Davvero il nostro mare romagnolo è molto popolato di tartarughe? Dove si possono vedere?

«La zona dell’alto Adriatico è una delle più importanti di tutto il Mediterraneo per l’alimentazione di questi rettili, quindi è presente un’elevata concentrazione di tartarughe marine. Non è facile osservare le tartarughe marine in mare perché hanno apnee molto lunghe, ma alle volte può capitare di avvistarle vicino agli allevamenti di cozze».

Come se la passa questa specie?

«Nel Mediterraneo grazie ai progetti di tutela che negli ultimi dieci anni si sono attivati, la popolazione di Caretta caretta è stabile ma comunque sempre minacciata dalle attività umane e dai cambiamenti climatici».

Quali sono i principali pericoli che corrono?

«Le attività di pesca sono le principali cause di morte, soprattutto le reti da posta non lasciano scampo alle tartarughe intrappolate. Anche le reti a strascico sono pericolose ma se venissero adottati degli accorgimenti, come l’inserimento nella sacca della rete del TED, una particolare griglia, la cattura accidentale sarebbe quasi azzerata. Fanno la loro parte anche l’inquinamento da plastica, i cambiamenti climatici e la riduzione delle spiagge disponibili per la nidificazione».

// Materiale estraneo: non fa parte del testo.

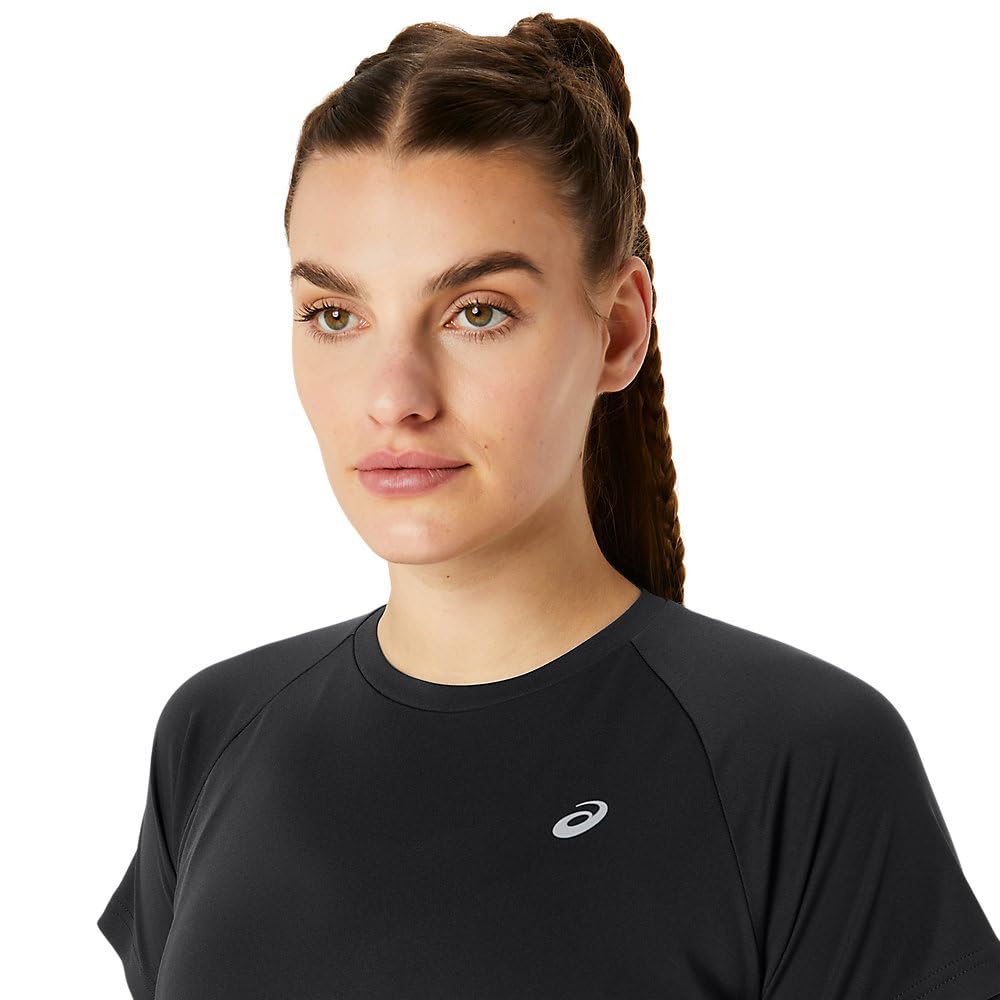 Offizieller Shop Exklusive Laufbekleidung Lauf Kurzarmtop L PERFORMANCE BLACK [Asics] Damen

In che cosa consiste la riabilitazione e come avviene poi il ritorno alla libertà?

«A seconda delle problematiche, la riabilitazione può essere di tipo motorio stimolativo (manipolazione muscolare, assistenza nei movimenti, aiuto nel nuoto…), oppure di monitoraggio in recinti in mare per valutare la ripresa effettiva dell’animale in condizioni naturali di semi libertà.

Uno dei casi più eclatanti è stato quello di una giovane Caretta caretta di nome Carolina: arrivata per ipotermia al centro di recupero, è stata colpita da un’infezione che le ha provocato la perdita di vista. È rimasta al centro, in vasca per tre anni: l’animale ha compensato questa menomazione con lo sviluppo degli altri sensi, soprattutto olfatto e tatto, riuscendo a nutrirsi in modo autonomo. Nell’area di riabilitazione a mare, allestita a Pesaro, in Baia Flaminia, si è potuto appurare che la tartaruga riusciva anche in ambiente naturale a cibarsi ed essere autosufficiente così da poter sopravvivere in mare. Dopo un’estate di osservazioni è stata rilasciata di nuovo in mare: il successo che abbiamo raggiunto con Carolina ha portato un altro Centro di Recupero, quello di Torre Guaceto, ad inviarci una tartaruga cieca degente presso loro per provare un percorso riabilitativo simile».